2/27/2013 6:02:00 AM
Comment period on hunting changes still open
The Arizona Game and Fish Department is readying recommendations that will affect hunting over the next year.File Photo
The Arizona Game and Fish Department is readying recommendations that will affect hunting over the next year.
File Photo

Don Martin
The Great Outdoors

Even though there were just a few in attendance at the hunt recommendation meeting last Thursday, the information that was dispersed by Region III Game Specialist Erin Butler was a real eye-opener.

Only three people showed up, which is just about normal, but the highlight of that meeting was when I saw Commissioner Robert Mansell, who lives in Winslow, in attendance.

As far as I can remember this is the first current Game and Fish Commissioner who has attended a Kingman hunt recommendation meeting in more than 20 years!

Former Commissioner Larry Adams, who lives in Bullhead City, does sometimes attend the various Game and Fish meetings, but to see a sitting commissioner there was just outstanding.

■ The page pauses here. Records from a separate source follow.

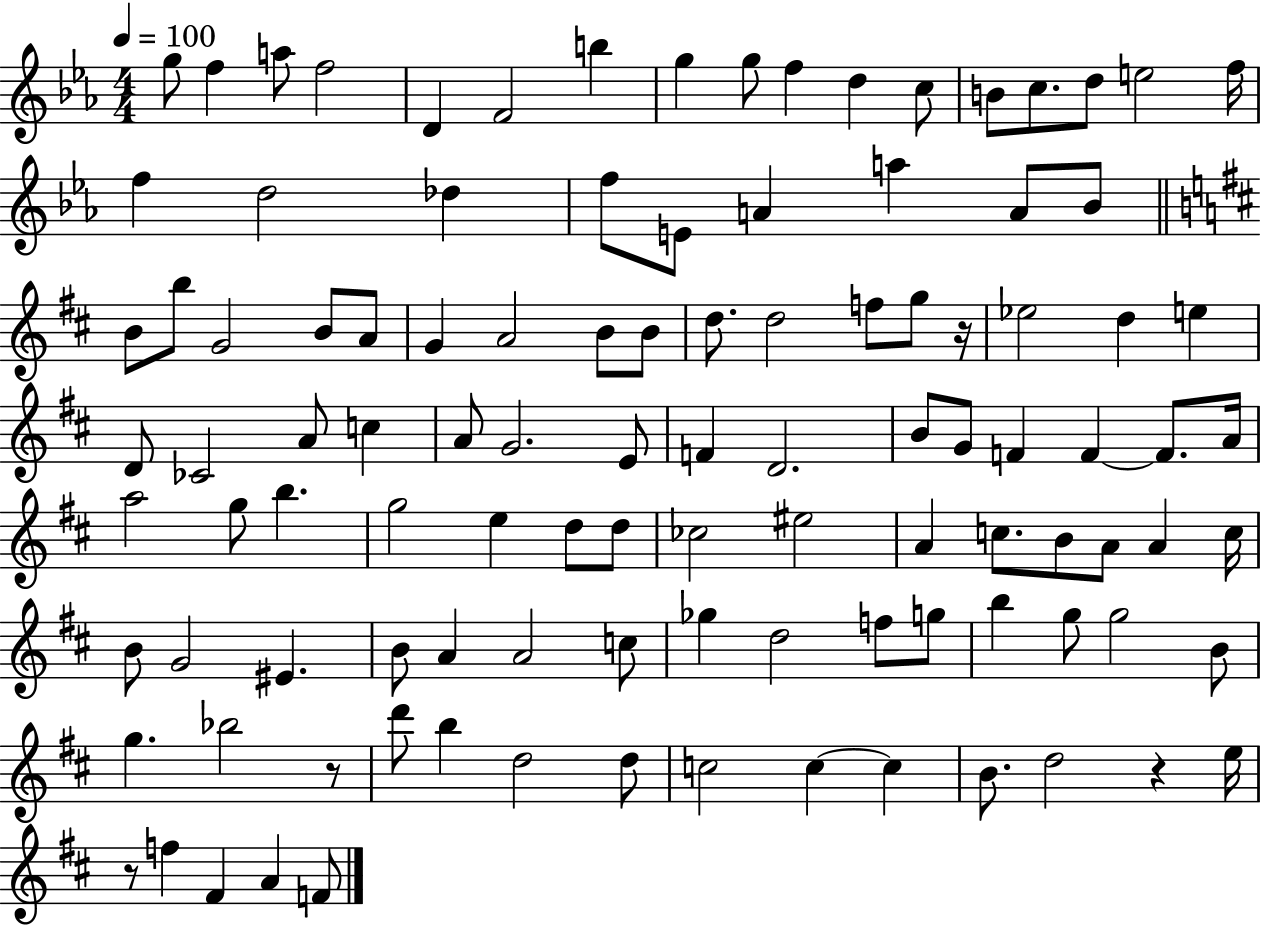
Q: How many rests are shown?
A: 4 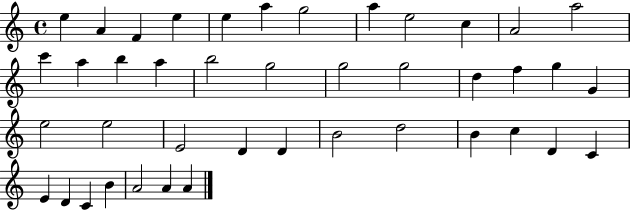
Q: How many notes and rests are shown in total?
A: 42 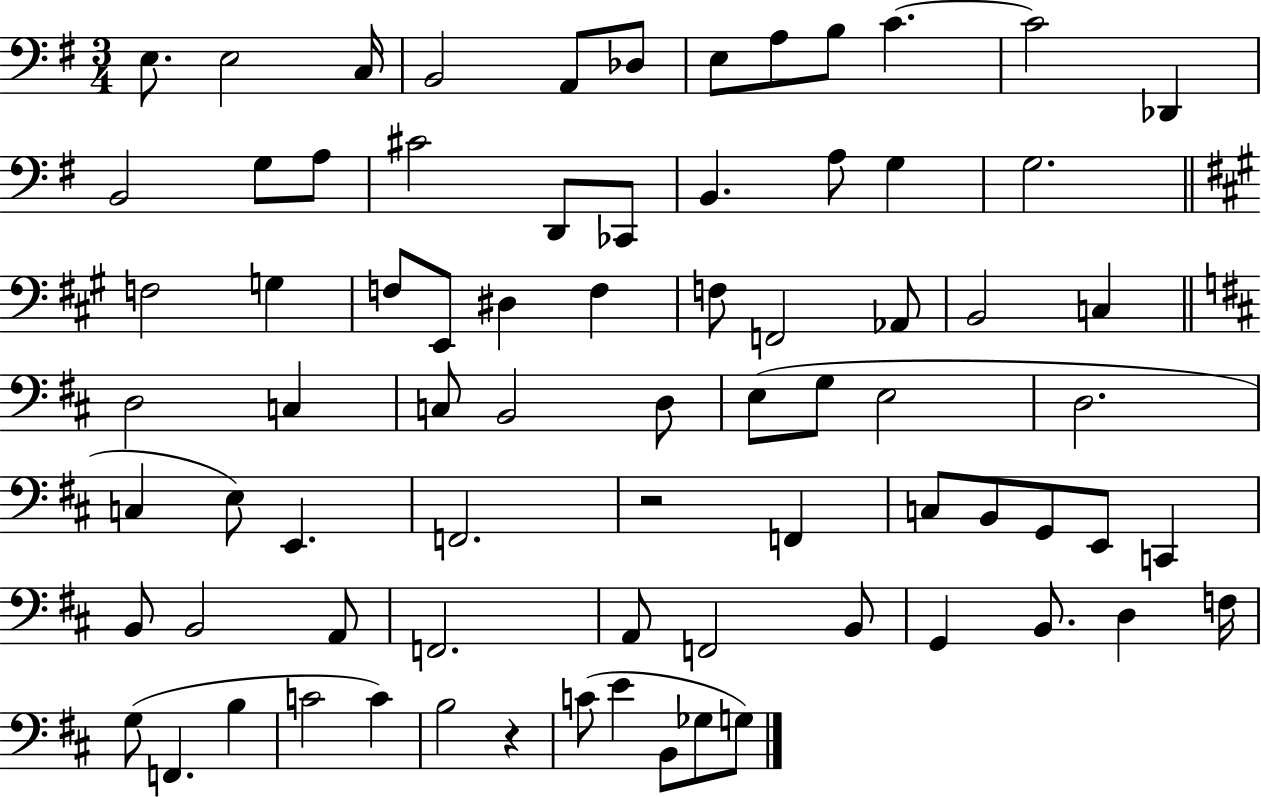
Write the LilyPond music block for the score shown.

{
  \clef bass
  \numericTimeSignature
  \time 3/4
  \key g \major
  e8. e2 c16 | b,2 a,8 des8 | e8 a8 b8 c'4.~~ | c'2 des,4 | \break b,2 g8 a8 | cis'2 d,8 ces,8 | b,4. a8 g4 | g2. | \break \bar "||" \break \key a \major f2 g4 | f8 e,8 dis4 f4 | f8 f,2 aes,8 | b,2 c4 | \break \bar "||" \break \key d \major d2 c4 | c8 b,2 d8 | e8( g8 e2 | d2. | \break c4 e8) e,4. | f,2. | r2 f,4 | c8 b,8 g,8 e,8 c,4 | \break b,8 b,2 a,8 | f,2. | a,8 f,2 b,8 | g,4 b,8. d4 f16 | \break g8( f,4. b4 | c'2 c'4) | b2 r4 | c'8( e'4 b,8 ges8 g8) | \break \bar "|."
}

It was nice to see Commissioner Mansell at the meeting, as it shows he is truly interested in what is going on in this region.

Thanks, Mr. Mansell!

Butler did (as usual) a great job at outlining what is being proposed in Region III as far as fall deer, javelina, turkey, bear, mountain lion and bighorn sheep tags were concerned.

Here is what we learned.

Due to the declining numbers of sheep in Units 15A and 15B East (Meadview to Temple Bar), the one permit that has been in there for many years will now be deleted from the region's hunt package.

Historically, that unit has really suffered as far as numbers and the quality of the rams there.

It is so bad that only my outfit, Arizona Wildlife Outfitters, will guide hunters there. Dan Reed and I have been the only licensed guides who have taken sheep hunters out in those units for over 20 years.

While I can't fault Game and Fish for closing those units, what really needs to happen is the capture and relocation of sheep from Unit 15D to this area.

The transplants shouldn't be made just to increase the trophy potential there. I believe every ram taken, regardless of its size, is a trophy. What the dwindling herd needs is genetic diversity.

But there was even more information concerning sheep tags in this region.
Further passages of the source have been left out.